GIVEN RECORDS below:
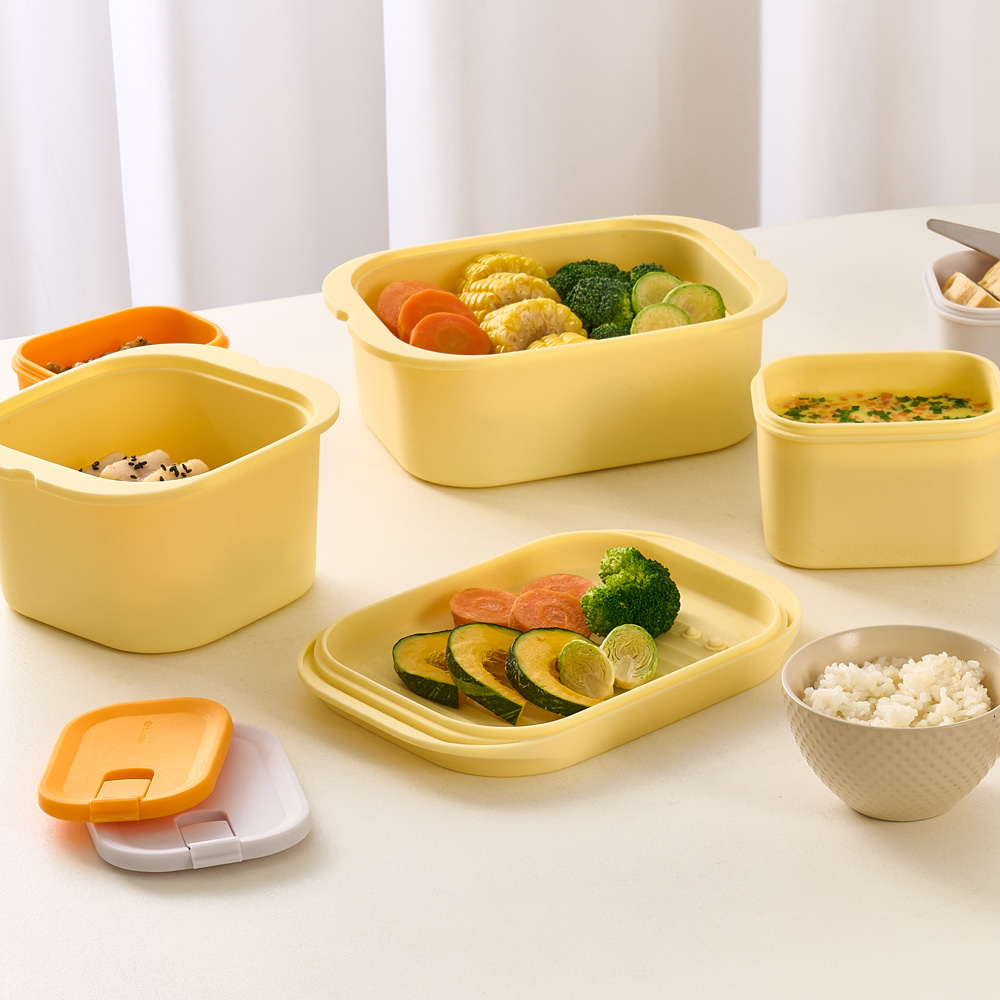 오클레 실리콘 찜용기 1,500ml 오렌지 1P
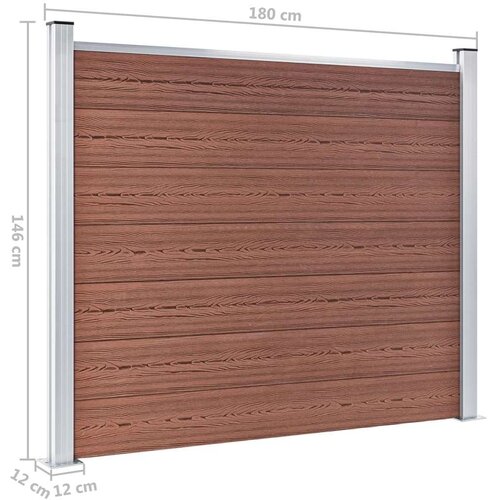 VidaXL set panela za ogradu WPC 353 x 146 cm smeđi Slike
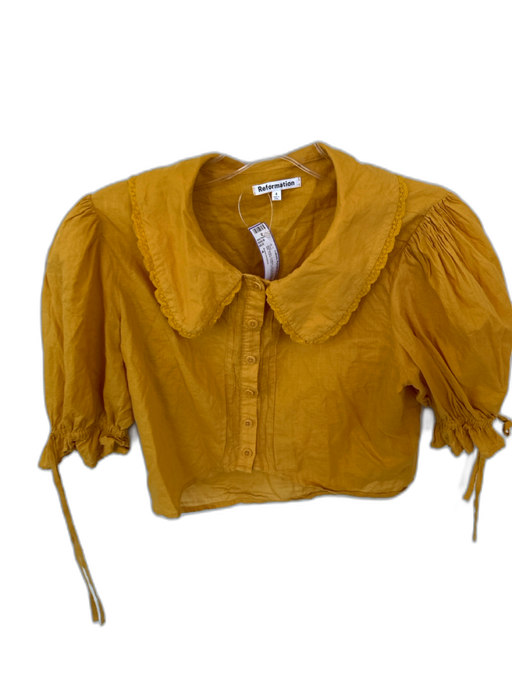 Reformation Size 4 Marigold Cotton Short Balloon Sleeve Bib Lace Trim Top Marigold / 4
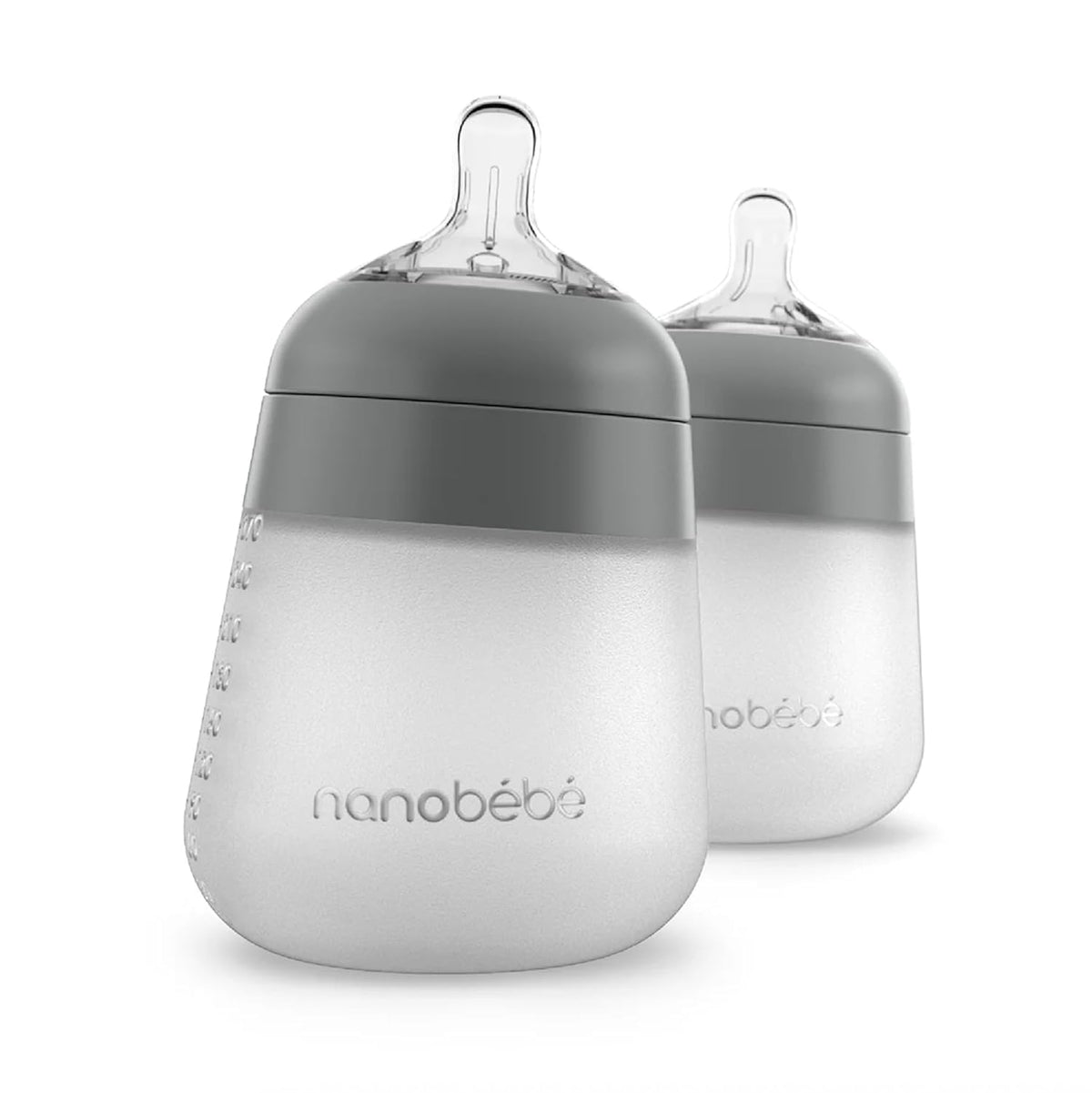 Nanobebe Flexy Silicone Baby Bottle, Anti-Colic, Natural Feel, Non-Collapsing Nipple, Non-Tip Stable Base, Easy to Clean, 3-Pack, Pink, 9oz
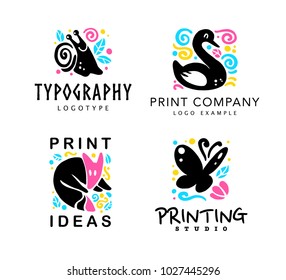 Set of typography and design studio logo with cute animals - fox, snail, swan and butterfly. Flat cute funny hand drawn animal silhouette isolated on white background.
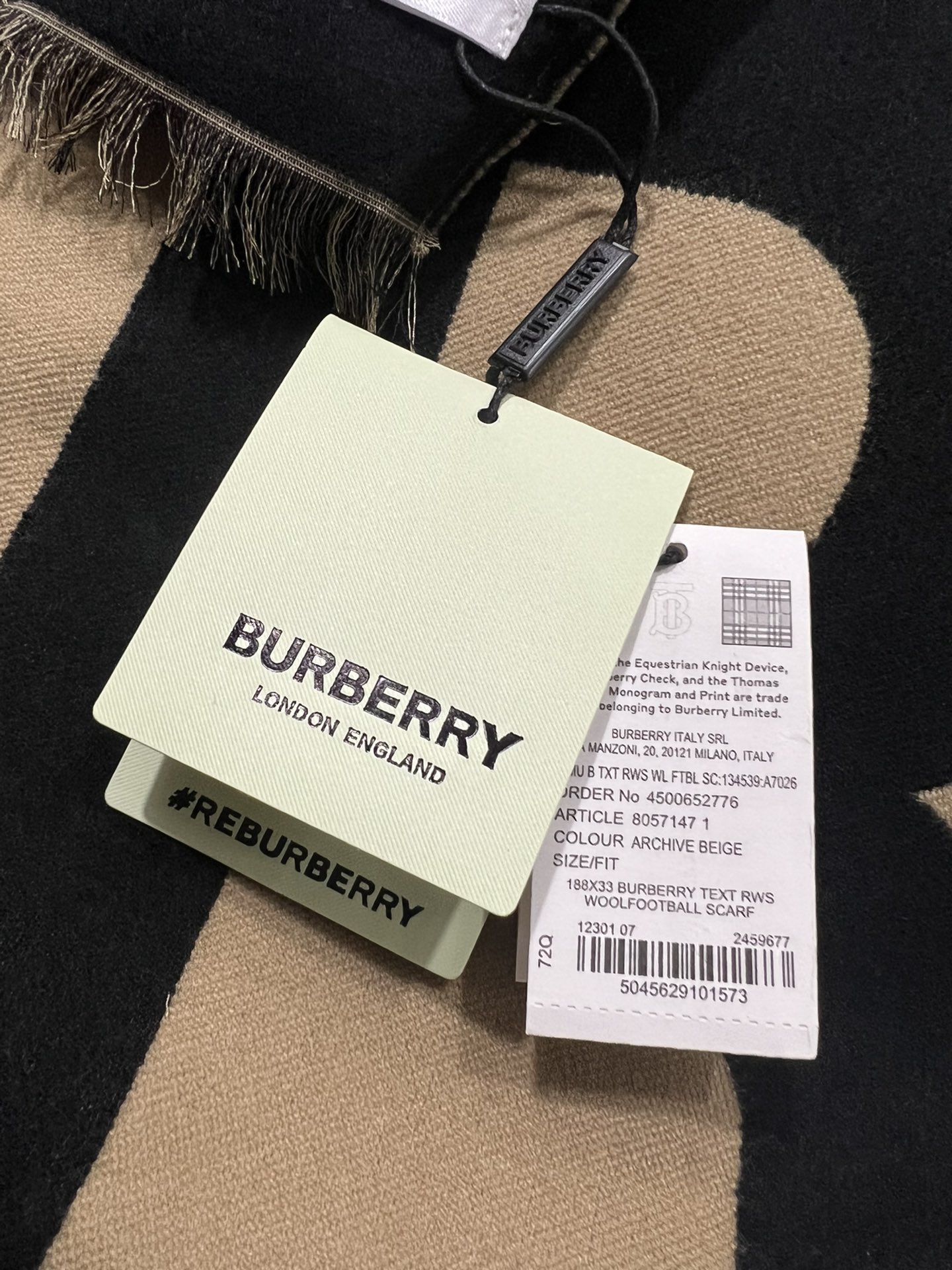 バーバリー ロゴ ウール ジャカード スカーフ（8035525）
End of GIVEN RECORDS.
### [EXERCISE BRIEF]
Starting at the line containing "VidaXL set panela" and stopping at the line containing "Nanobebe Flexy Silicone", output every line above exactly, both ends included, with pictures omitted.

### [ANSWER SPACE]
 VidaXL set panela za ogradu WPC 353 x 146 cm smeđi Slike
 Reformation Size 4 Marigold Cotton Short Balloon Sleeve Bib Lace Trim Top Marigold / 4
 Nanobebe Flexy Silicone Baby Bottle, Anti-Colic, Natural Feel, Non-Collapsing Nipple, Non-Tip Stable Base, Easy to Clean, 3-Pack, Pink, 9oz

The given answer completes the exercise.